Using the new AI on the Certainly Platform

The Certainly Platform offers a new AI service that will allow your bots to recognize user intent in a more natural way. This updated version uses AI to predict languages, sentiments, entities (both default and custom), and intents directly within the Module actions, without needing to employ dedicated Webhooks.

Each time a user reply is received, all this metadata is extracted seamlessly under an object called nlu. You can then access the NLU object and use the information collected to obtain user information or direct the conversation flow in specific ways.

We'll go more in-depth as to how we can use the new AI version in real bot conversations. Please note that you can use both AI versions at once in a single bot. Activating the new version will not render the traditional AI useless. Below, we'll cover:

Activating the new AI

By default, this version of the AI is not active on newly-created bots. However, you can send a request to our Customer Success team for this feature to be enabled in your bot for free. Please contact us at to request access.

Once activated, both AI versions will work in tandem. The AI Manager, accessed via the right sidebar menu of your bot canvas, will remain unchanged, and all your previously built Domains and Intents will still be saved and fully functioning.

This means that activating the new AI will not impact the current functioning of the bot, and it does not require reconfiguration of existing flows in order for it to continue working.

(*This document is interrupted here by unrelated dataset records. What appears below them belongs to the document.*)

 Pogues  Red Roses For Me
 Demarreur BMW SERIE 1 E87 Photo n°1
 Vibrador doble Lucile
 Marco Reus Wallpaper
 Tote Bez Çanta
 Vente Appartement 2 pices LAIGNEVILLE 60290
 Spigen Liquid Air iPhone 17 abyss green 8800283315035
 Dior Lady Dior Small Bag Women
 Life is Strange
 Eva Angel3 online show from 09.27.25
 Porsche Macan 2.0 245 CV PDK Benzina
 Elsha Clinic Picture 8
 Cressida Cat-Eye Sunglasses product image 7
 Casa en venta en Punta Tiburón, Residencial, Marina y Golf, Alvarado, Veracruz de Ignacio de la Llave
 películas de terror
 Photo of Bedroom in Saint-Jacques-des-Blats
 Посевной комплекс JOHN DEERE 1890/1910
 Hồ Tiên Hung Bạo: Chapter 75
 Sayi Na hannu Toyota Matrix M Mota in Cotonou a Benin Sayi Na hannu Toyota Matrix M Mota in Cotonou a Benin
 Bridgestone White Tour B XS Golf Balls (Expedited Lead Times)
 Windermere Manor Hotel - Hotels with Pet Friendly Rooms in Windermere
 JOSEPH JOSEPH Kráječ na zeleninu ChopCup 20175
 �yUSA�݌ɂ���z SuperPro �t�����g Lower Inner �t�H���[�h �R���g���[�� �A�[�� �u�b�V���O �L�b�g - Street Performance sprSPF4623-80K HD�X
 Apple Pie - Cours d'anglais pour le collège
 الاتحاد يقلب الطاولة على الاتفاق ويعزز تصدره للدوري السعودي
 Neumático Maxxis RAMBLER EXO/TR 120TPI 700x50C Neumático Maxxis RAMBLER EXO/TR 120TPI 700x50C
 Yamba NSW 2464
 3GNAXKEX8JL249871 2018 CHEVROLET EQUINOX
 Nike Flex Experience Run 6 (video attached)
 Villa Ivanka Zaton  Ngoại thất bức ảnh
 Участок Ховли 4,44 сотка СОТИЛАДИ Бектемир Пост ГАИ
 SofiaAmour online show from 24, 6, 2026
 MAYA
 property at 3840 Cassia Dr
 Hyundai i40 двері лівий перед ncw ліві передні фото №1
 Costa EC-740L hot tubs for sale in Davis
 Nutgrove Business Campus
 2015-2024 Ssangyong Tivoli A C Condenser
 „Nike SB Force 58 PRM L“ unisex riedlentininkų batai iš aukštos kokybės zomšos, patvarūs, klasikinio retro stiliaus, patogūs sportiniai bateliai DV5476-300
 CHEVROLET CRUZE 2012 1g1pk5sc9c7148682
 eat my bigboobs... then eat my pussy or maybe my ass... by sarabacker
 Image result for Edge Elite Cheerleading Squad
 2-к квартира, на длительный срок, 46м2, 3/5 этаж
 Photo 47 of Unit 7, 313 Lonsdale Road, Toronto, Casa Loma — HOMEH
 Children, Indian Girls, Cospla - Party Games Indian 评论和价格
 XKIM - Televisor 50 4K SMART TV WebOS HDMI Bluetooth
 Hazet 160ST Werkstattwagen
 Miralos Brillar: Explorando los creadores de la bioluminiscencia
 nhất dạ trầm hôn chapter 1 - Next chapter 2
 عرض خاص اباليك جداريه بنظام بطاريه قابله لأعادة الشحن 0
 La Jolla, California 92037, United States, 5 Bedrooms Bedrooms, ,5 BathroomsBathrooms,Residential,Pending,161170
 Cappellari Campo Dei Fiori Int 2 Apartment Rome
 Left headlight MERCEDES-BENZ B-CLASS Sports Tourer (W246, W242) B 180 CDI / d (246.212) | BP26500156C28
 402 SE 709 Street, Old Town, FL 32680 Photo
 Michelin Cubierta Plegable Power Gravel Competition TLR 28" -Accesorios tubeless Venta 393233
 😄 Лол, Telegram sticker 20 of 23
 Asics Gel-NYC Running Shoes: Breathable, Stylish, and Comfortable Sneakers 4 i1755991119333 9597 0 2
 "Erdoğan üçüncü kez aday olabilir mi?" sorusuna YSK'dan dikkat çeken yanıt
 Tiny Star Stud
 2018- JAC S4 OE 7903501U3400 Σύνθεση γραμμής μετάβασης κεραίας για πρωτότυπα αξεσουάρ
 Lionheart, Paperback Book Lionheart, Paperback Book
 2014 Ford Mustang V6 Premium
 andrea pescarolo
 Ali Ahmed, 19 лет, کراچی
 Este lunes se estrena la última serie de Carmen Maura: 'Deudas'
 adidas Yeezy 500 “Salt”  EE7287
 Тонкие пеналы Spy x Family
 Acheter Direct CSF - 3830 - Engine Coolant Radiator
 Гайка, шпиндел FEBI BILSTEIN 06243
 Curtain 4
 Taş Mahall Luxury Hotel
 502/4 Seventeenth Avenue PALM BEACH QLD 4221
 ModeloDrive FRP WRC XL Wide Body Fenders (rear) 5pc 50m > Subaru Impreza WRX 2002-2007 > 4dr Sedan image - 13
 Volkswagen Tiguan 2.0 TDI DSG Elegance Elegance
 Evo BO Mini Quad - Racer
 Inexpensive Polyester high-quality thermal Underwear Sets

Introduction to the NLU object

As noted above, all the metadata extracted from a user's reply is stored in an object called nlu. This object can then be operated on through the use of Jinja templates to extract all the information that is relevant in a particular situation.

To view all the metadata stored in the nlu object at any point in the conversation flow, we can set up a simple variable inside the bot and use it to store the nlu object. Here, you can see an example of this setup:


The bot will populate the Custom Variable with the whole value of the nlu metadata object.


Once organized, the nlu object follows the basic structure outlined below:

The object provides four different types of predictions: languages, sentiments, entities, and intents. 

  • Languages: Automatically detects to a certain degree of confidence (0 ≤ confidence value ≤ 1) the language in which the end user typed their reply. Can be used to configure multi-language bots or to inform the user that a bot is capable of speaking in only one language.

  • Sentiments: The AI analyzes the overall emotion of the user's input within a range of -1 to 1. A neutral user reply is represented by a value of 0. If a user's emotion is understood as positive, the key sentiments in the nlu object have a positive value (0 < sentiments value ≤ 1). A negative user reply translates to a negative value (-1 ≤ sentiments value < 0).

    This measurement is based on publicly available datasets of words that have been manually annotated with positive or negative scores. As such, there are limitations that should be considered. For instance, the AI is not capable of distinguishing irony, and we cannot provide absolute guidance as to what a specific negative or positive value signifies. We recommend combining sentiments with intents when configuring your bot to get the best results possible.

  • Entities: Must be defined inside your AI Manager as specific categories. The bot owner needs to define what entities they want to use, in addition to what values these could have. The AI comes with some prebuilt entities specifically designed for ecommerce that will help you set up your bot in record time.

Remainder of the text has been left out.